Habeck vespricht Hilfsgelder
Wie und an welchen Stellen deutschen Unternehmen geholfen werden kann und muss, ist bislang unklar. Schon am Mittwoch-Abend hatte Wirtschaftsminister Robert Habeck (Grüne) klargestellt, dass es im Fall einer Eskalation an staatlichen Hilfsgeldern nicht mangeln werde. Stefan Kooths, Vizepräsident und Konjunkturchef des Kieler Instituts für Weltwirtschaft (IfW Kiel), sprach sich am Donnerstag dafür aus, einen europäischen Notfallfonds für notleidende Unternehmen aufzulegen.
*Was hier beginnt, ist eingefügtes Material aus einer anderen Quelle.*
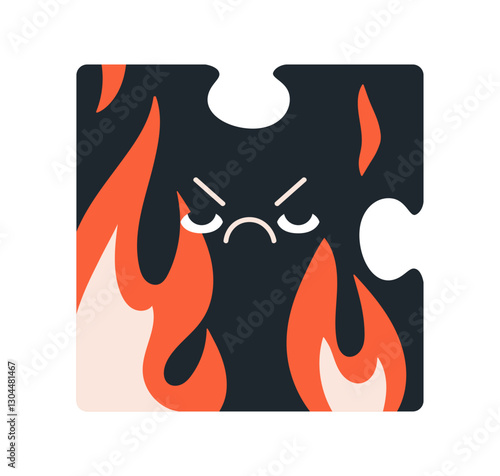 Puzzle piece, angry character in fire. Irritated furious face with anger emot...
Viele Lkw-Fahrer werden fehlen
Ungemach droht allerdings noch auf anderer Ebene: Sowohl aus der Ukraine als auch aus dem mit Russland verbündeten Belarus stammen zahlreiche Lkw-Fahrer. „Jetzt im Kriegsfall werden diese Fahrer nach Hause fahren, um ihren Familien beizustehen oder Dienst an der Waffe zu leisten“, befürchtet der Logistikverband BLV-Pro – und warnte gar vor einem „Versorgungskollaps“ in Deutschland. In derart drastische Warnungen wollte der ungleich größere Bundesverband Güterverkehr und Logistik (BGL) am Donnerstag nicht einstimmen.
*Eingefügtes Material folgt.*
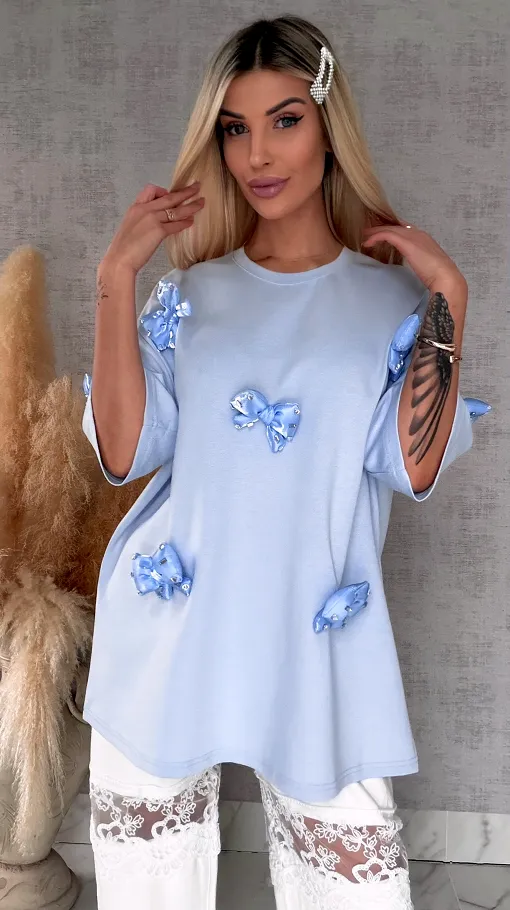 Bawełniana bluzka TUNIKA zdobiona stylowymi kokardkami ONE SIZE - R485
„Angesichts des europaweit grassierenden Lkw-Fahrermangels ist etwa ukrainisches oder weißrussisches Fahrpersonal vor allem bei auch in Westeuropa tätigen osteuropäischen Transportunternehmen kaum mehr wegzudenken“, sagte aber auch BGL-Vorstandssprecher Dirk Engelhardt gegenüber dem RND. Der BGL stehe aber bereit, um gegebenenfalls gemeinsam mit zuständigen staatlichen Stellen die Versorgung der Bevölkerung zu sichern, so Engelhardt weiter.